Felicia Huppert, Professor of Psychology and Director of the Well-Being Institute at Cambridge University describes how economic growth is not the only indicator of progress for many governments.  Citizen well-being is now growing to be accepted as equally important.  Well-being is not just about happiness.  It is much more than this.  It is about living life well, developing ourselves and our full potential; developing relationships with ourselves and others and contributing to our society, our world.  This is “flourishing!”

The UN High Level Meeting on Happiness and Well-Being (April 2012) advocates a new economic paradigm with well-being at its core.  Why would education not do the same?

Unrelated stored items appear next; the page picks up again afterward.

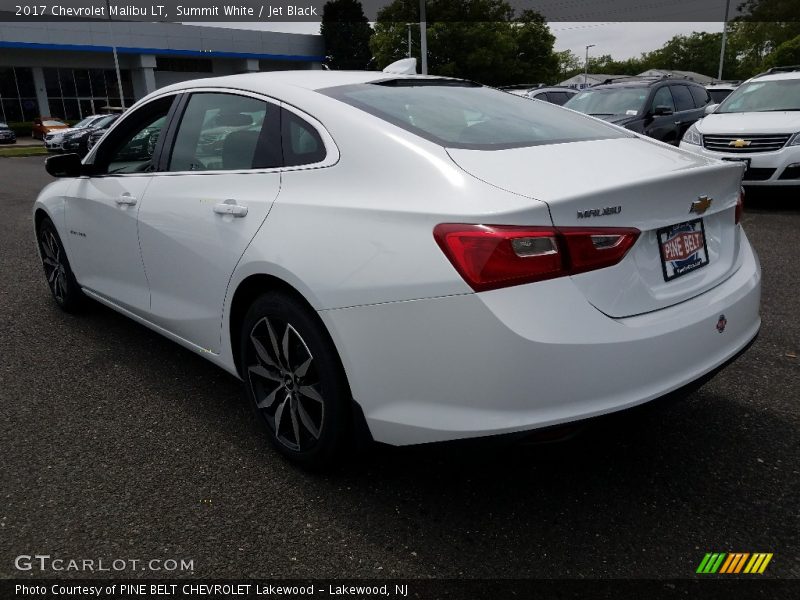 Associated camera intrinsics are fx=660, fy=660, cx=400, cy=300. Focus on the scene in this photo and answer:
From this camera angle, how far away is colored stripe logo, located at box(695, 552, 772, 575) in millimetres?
2150

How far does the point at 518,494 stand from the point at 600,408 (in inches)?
26.7

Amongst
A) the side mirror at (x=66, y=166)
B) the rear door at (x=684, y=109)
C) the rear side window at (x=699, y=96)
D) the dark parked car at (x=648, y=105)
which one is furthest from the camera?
the rear side window at (x=699, y=96)

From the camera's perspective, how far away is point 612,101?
11.2m

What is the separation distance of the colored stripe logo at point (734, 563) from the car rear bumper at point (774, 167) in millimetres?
6596

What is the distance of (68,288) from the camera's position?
460 centimetres

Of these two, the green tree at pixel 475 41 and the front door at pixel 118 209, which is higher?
the green tree at pixel 475 41

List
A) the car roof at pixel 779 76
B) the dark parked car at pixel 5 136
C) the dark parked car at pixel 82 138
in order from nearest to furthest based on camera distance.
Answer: the car roof at pixel 779 76
the dark parked car at pixel 82 138
the dark parked car at pixel 5 136

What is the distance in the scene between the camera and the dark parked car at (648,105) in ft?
34.4

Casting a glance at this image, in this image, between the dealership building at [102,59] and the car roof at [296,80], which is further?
A: the dealership building at [102,59]

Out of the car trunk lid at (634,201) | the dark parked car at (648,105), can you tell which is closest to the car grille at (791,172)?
the dark parked car at (648,105)

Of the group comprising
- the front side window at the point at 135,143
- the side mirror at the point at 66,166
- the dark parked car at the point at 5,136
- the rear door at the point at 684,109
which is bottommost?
the dark parked car at the point at 5,136

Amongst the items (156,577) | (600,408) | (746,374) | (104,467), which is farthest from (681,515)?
(104,467)

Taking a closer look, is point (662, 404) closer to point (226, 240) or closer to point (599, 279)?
point (599, 279)

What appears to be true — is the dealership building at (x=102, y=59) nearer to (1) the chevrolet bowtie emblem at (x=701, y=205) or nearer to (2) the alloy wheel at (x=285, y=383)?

Flourishing teachers inspire students to flourish.  Flourishing teachers create the foundations for learning to flourish.  Flourishing leaders in education enable teachers to live a balanced life inside and outside school, which in turn delivers an implicit message that teachers and their well-being are valued and valuable.  Flourishing schools provide the bedrock for balanced perspectives, balanced approaches, balanced attitudes and balanced living – for all. What are you doing to ensure your teachers are fit, well and flourishing?